[Cite as State v. Genet, 2020-Ohio-2662.]
STATE OF OHIO ) IN THE COURT OF APPEALS )ss: NINTH JUDICIAL DISTRICT COUNTY OF WAYNE )
STATE OF OHIO C.A. No. 19AP0030
Appellee
v. APPEAL FROM JUDGMENT ENTERED IN THE JOSEPH GENET WAYNE COUNTY MUNICIPAL COURT COUNTY OF WAYNE, OHIO Appellant CASE No. 2018 CR-B 001540
DECISION AND JOURNAL ENTRY
Dated: April 27, 2020
CARR, Judge.
{¶1} Defendant-Appellant Joseph Genet appeals from the judgment of the Wayne
County Municipal Court. This Court affirms.
I.
{¶2} On July 2, 2018, a search warrant was executed on Genet’s home. Genet and a
small child were located in Genet’s bedroom. Within the bedroom, drug paraphernalia and a
substance that was ultimately determined to be methamphetamine were discovered. The child
tested positive for methamphetamine exposure.
{¶3} On September 7, 2018, a complaint was filed charging Genet with endangering
children in violation of R.C. 2919.22(A). On February 4, 2019, Genet filed a motion to dismiss
based upon double jeopardy. Genet asserted that he had already entered a plea in the court of
common pleas to possession of drugs (methamphetamine), a felony of the fifth degree, which arose
from the same facts as the prosecution for endangering children. While Genet acknowledged that 2
“the primary case for determining the existence of successive prosecutions is” Blockburger v.

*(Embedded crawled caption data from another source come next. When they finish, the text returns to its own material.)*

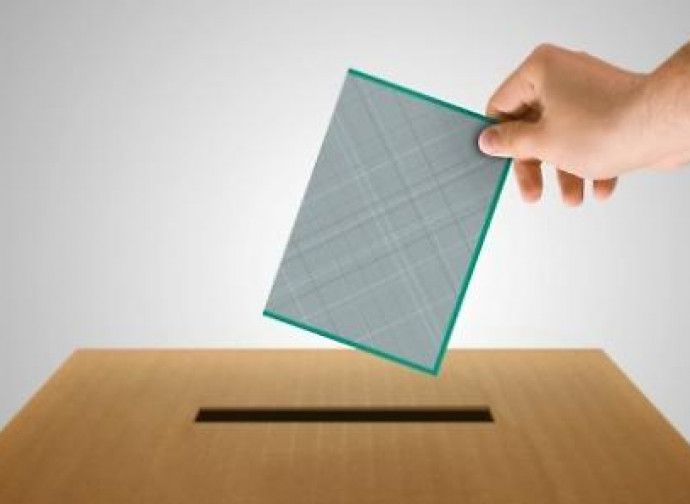 Prezenţa la vot în Harghita, sub media naţională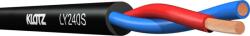 KLOTZ LY240S Кабел за високоговорители (LY240S.100)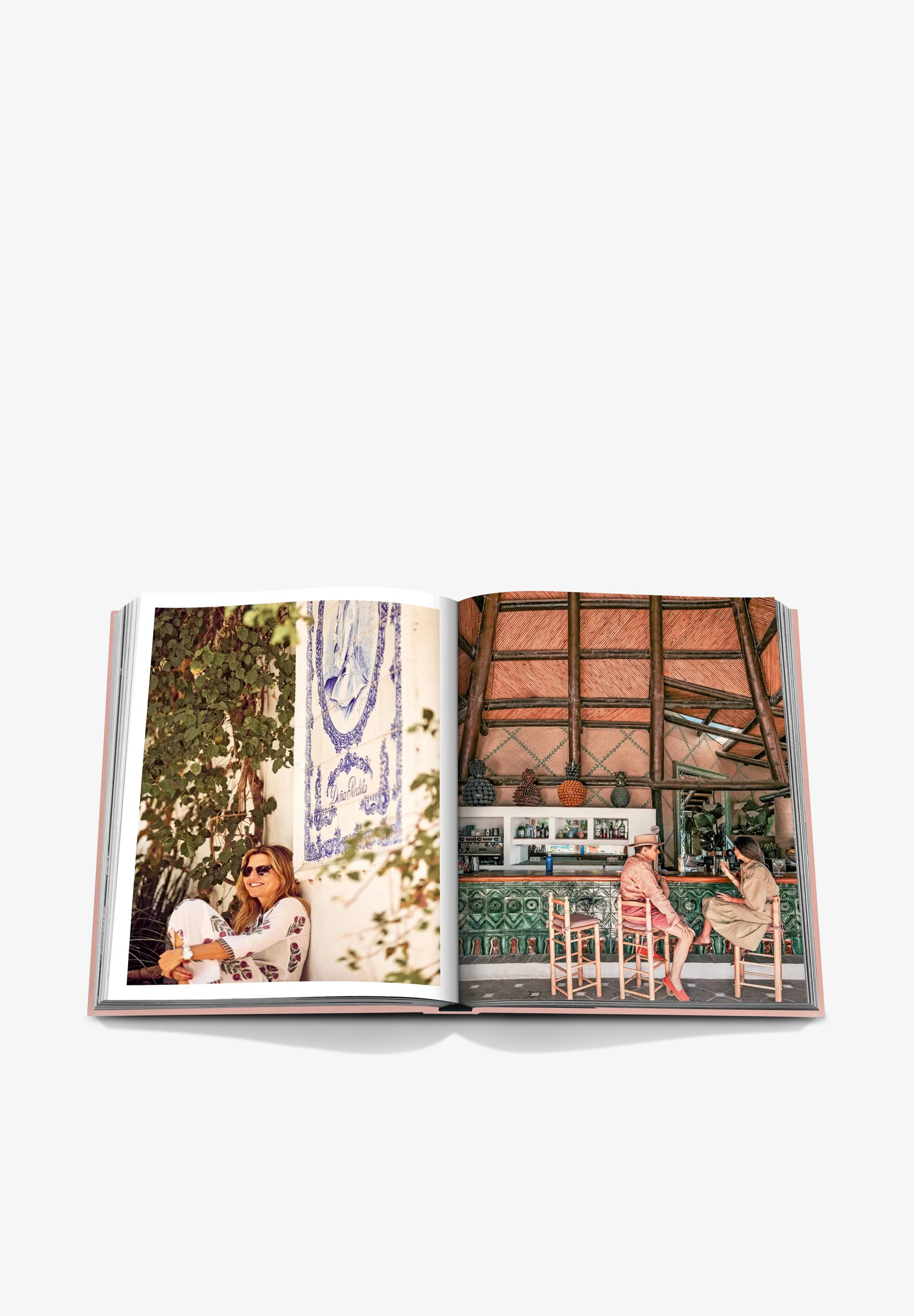 ASSOULINE | LIBRO MARBELLA SOL - Image 4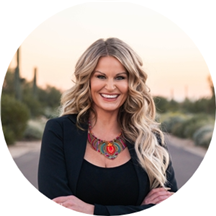 Nina Fox, LCSW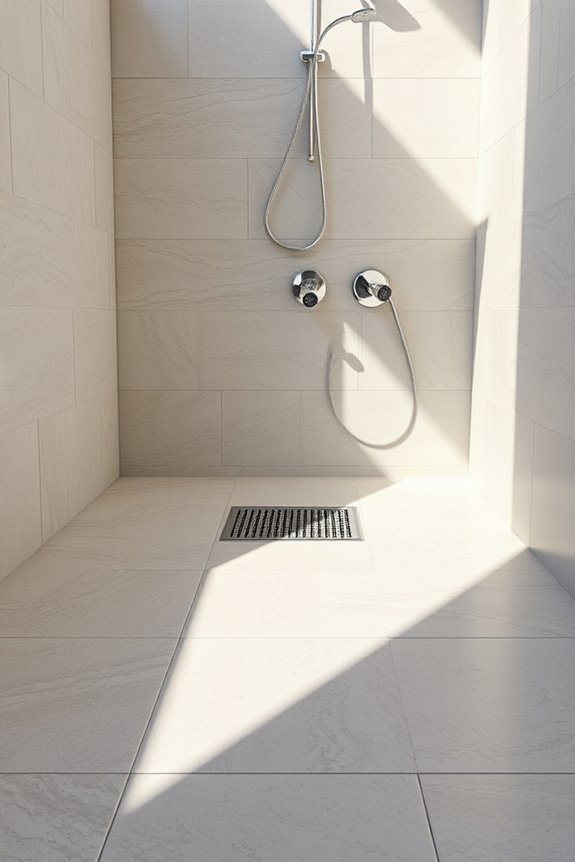 durable moisture resistant porcelain tiles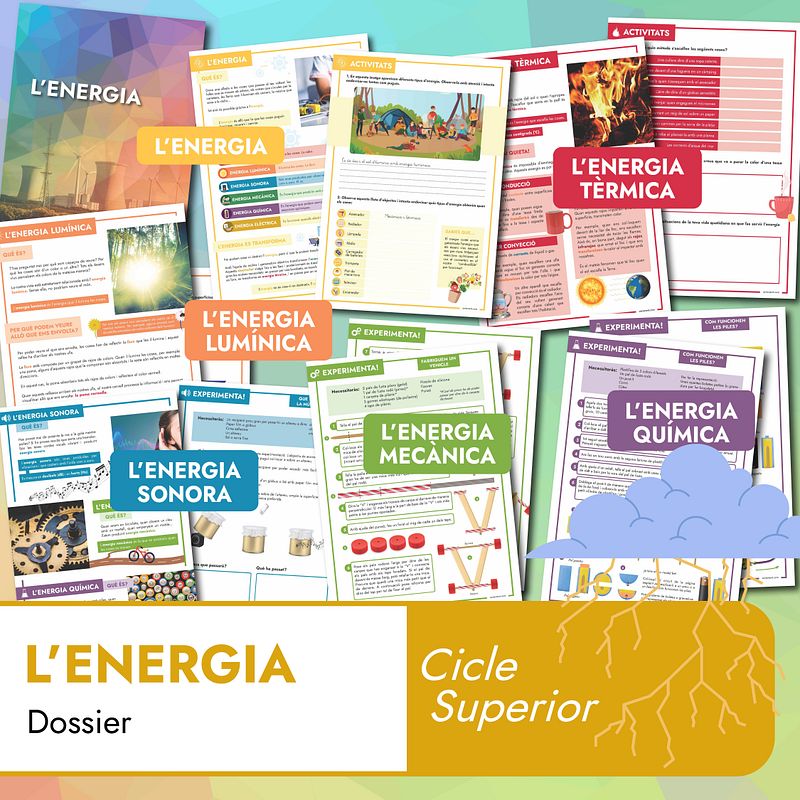 L'energia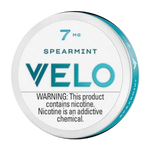 Spearmint  7mg Velo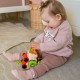 Woopie Baby Samochód Kotek Konstrukcyjny Manipulacyjny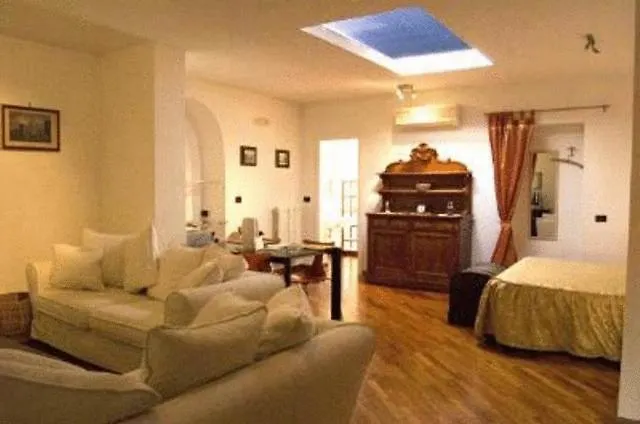 Tavernola - Locanda Di Campagna Battipaglia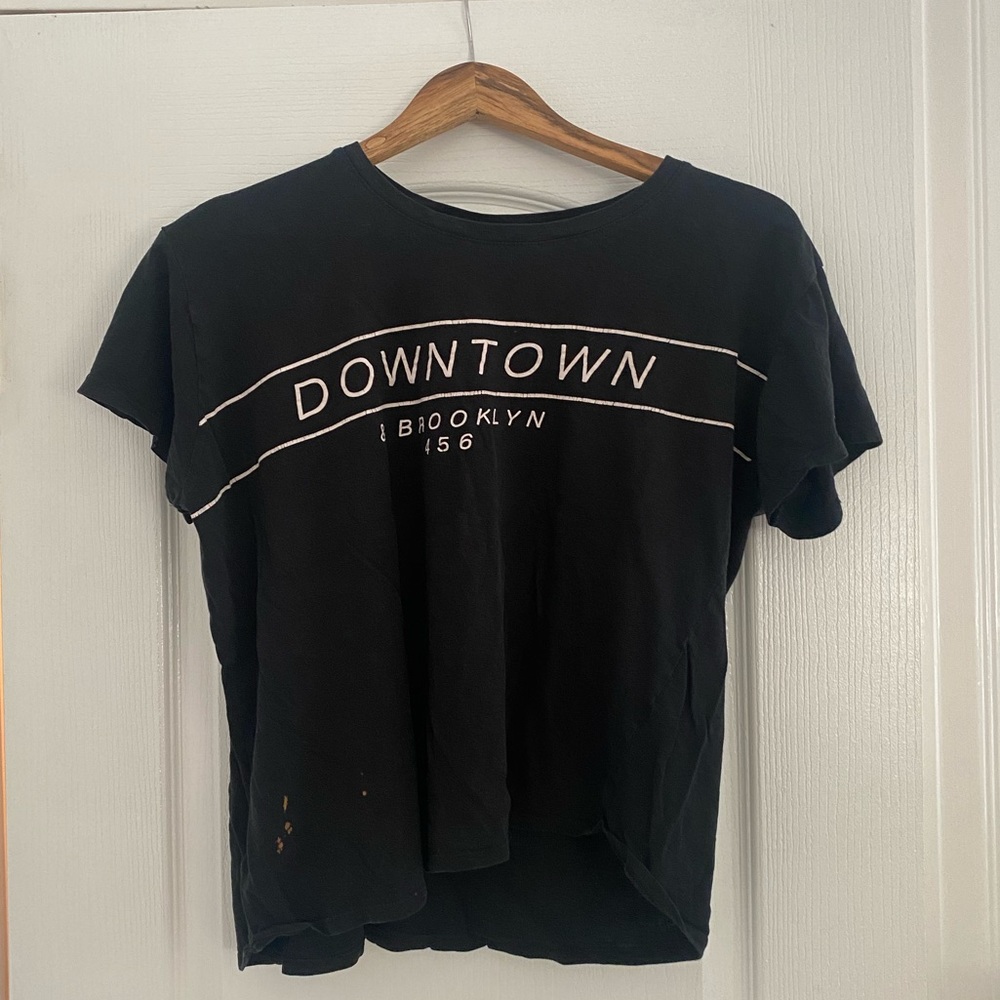 Vintage Tee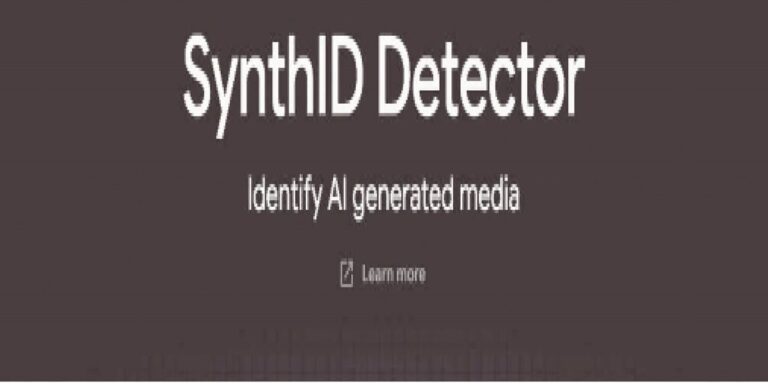 নাইজেরিয়ায় গুগলের SynthID Detector মুক্তি, AI-সৃষ্ট ছবি ও ভিডিও যাচাই সহজ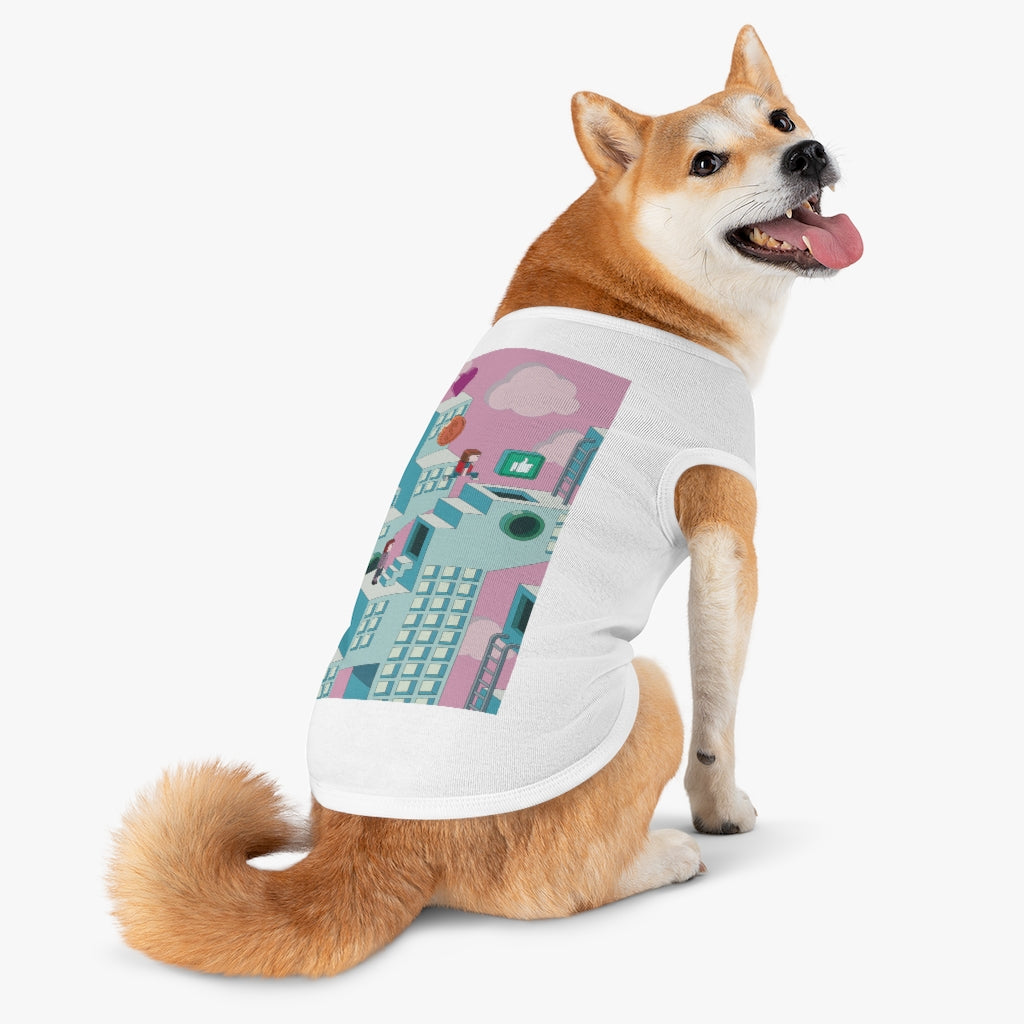 Pet Tank Top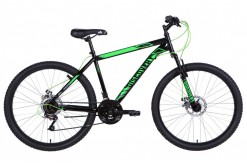 Велосипед 26" Discovery RIDER DD Велосипед 26" Discovery RIDER DD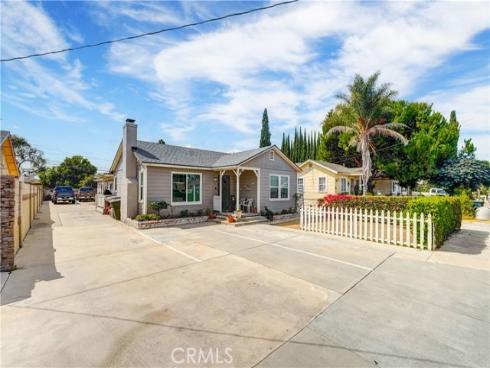 10422 Bonnie , Garden Grove, CA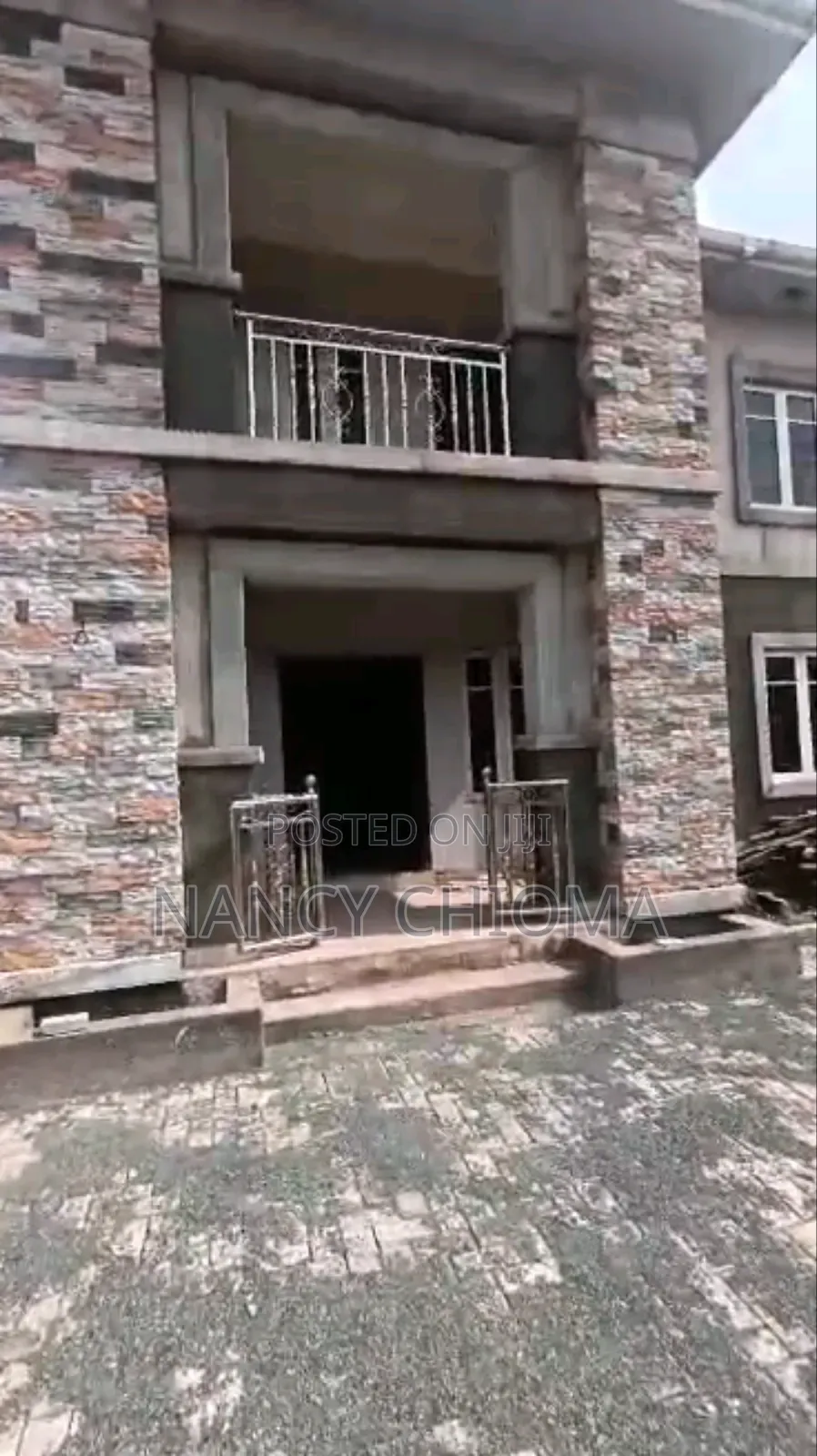 Furnished 5bdrm Duplex in Old Gra, Enugu for sale in Enugu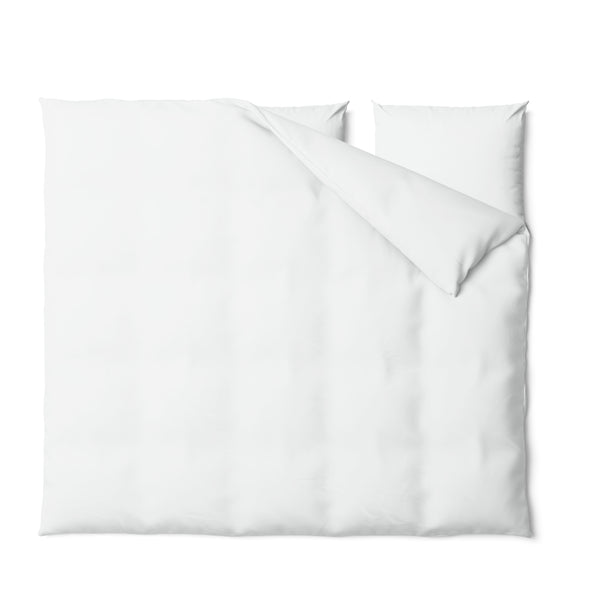 PLAIN DUVET COVER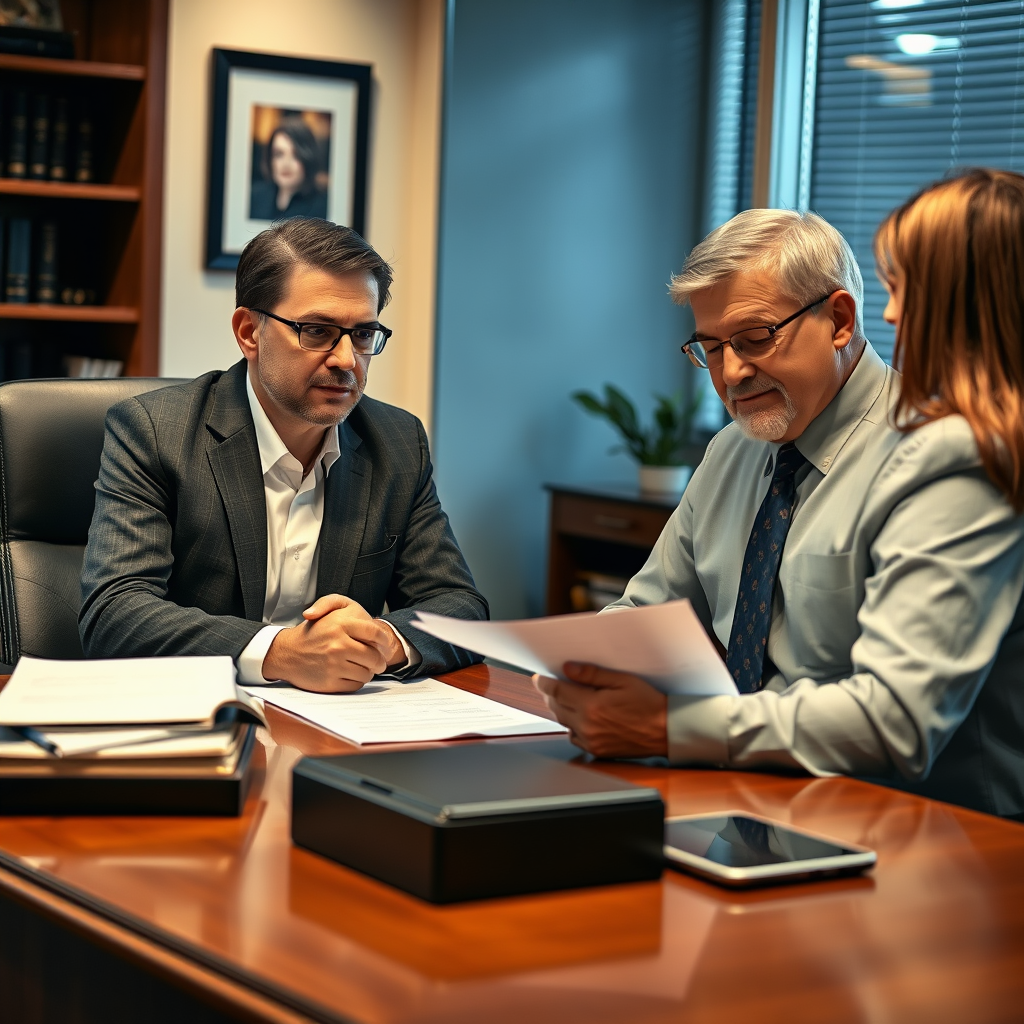 Indecent Exposure Lawyer Loudoun County, VA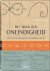 boek der oneindigheid.  inf...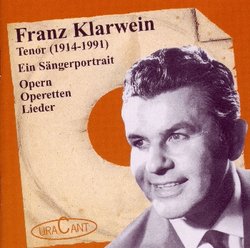 Franz Klarwein 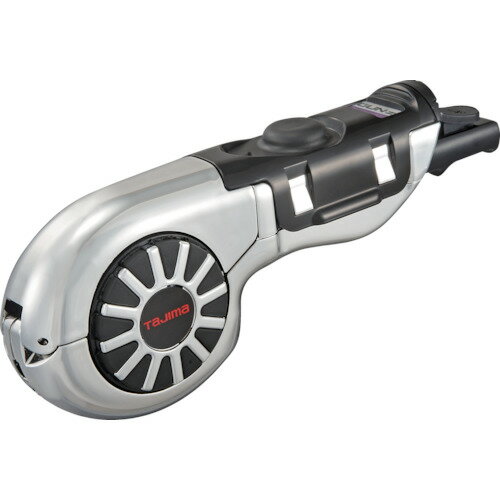 【タジマ】 パーフェクト墨つぼ GAN10mZ [ PS-SUM10GNZ ] 銀 糸の長さ：15m ※沖縄・離島は別途送料が必要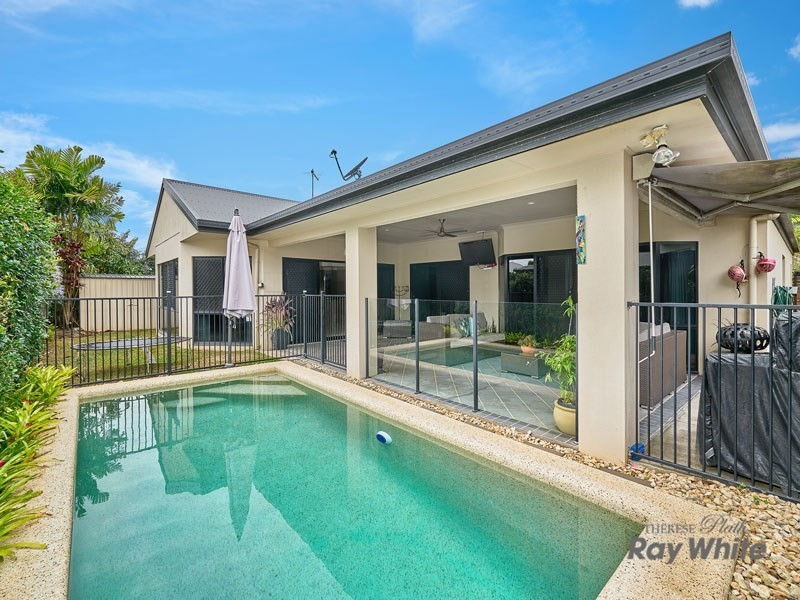 10 Charnley Avenue, Bentley Park QLD 4869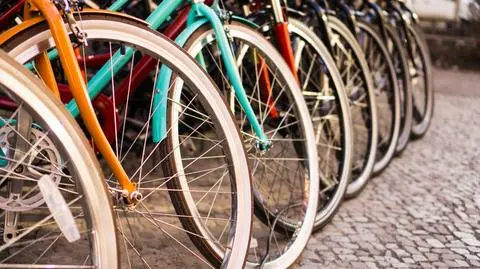 Masa Krytyczna Warszawie. Rowerzyści startują o 19.00 z Placu Zamkowego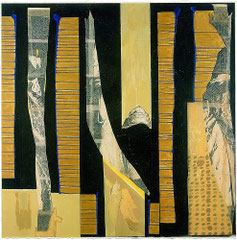 collection privée 2,00 x 2,00 m
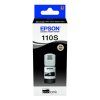 Epson originální ink C13T01L14A, L, black
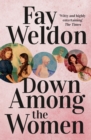 Image for Down among the women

United States, 284 U.S. 299 (1932), Genet sought for the trial court to apply the framework set
forth in State v. Lloyd, 8th Dist. Cuyahoga Nos. 86501, 86502, 2006-Ohio-1356, which relates to
collateral estoppel.
{¶4} The trial court issued an order on February 28, 2018 with respect to Genet’s motion
to dismiss. The trial court stated that “[t]he parties offered argument regarding their respective
positions on the Defendant’s Motion to Dismiss in addition to providing case law citations for the
Court to review.” A transcript of that proceeding is not in this Court’s record.
{¶5} On April 15, 2019, prior to accepting Genet’s no contest plea to one count of
endangering children, the trial court issued a ruling on the record denying Genet’s motion to
dismiss. The trial court relied upon the test set forth in Blockburger in denying the motion. The
trial court sentenced Genet to 165 days in jail, fined him $750.00, and ordered him to pay court
costs.
{¶6} Genet has appealed, raising a single assignment of error for our review.
II.
ASSIGNMENT OF ERROR
THE TRIAL COURT ERRED BY DENYING GENET’S MOTION TO DISMISS PER DOUBLE JEOPARDY CLAUSE OF THE UNITED STATES AND OHIO CONSTITUTION.
{¶7} Genet argues in his sole assignment of error that the trial court erred in denying
his motion to dismiss. In so doing, Genet focuses largely on collateral estoppel and the analysis
set forth in Lloyd, 2006-Ohio-1356, as the basis of his argument. In Lloyd, the Eighth District
concluded:
Here, four counts of the second indictment contain charges of drug trafficking and drug possession of both marijuana and psilocyn. The first two counts of the first 3
indictment also charged appellants with drug possession and drug trafficking, concerning marijuana and cocaine. While there were differences in amounts and substances between the two indictments, the state possessed all the evidence and information it would use in its second indictment prior to the time that the appellees entered their pleas to the first indictment. Viewing the totality of the circumstances, collateral estoppel principles should apply. The state should not be allowed multiple tries at convicting these appellees when it had the means and opportunity to address all issues with a single prosecution. To avoid having appellees “run the gauntlet” a second time unnecessarily, the trial court’s dismissal of the second indictment should be sustained.
Id. at ¶ 28.
{¶8} “We apply a de novo standard of review when reviewing the denial of a motion to
dismiss an indictment on the grounds of double jeopardy.” State v. Emich, 9th Dist. Medina No.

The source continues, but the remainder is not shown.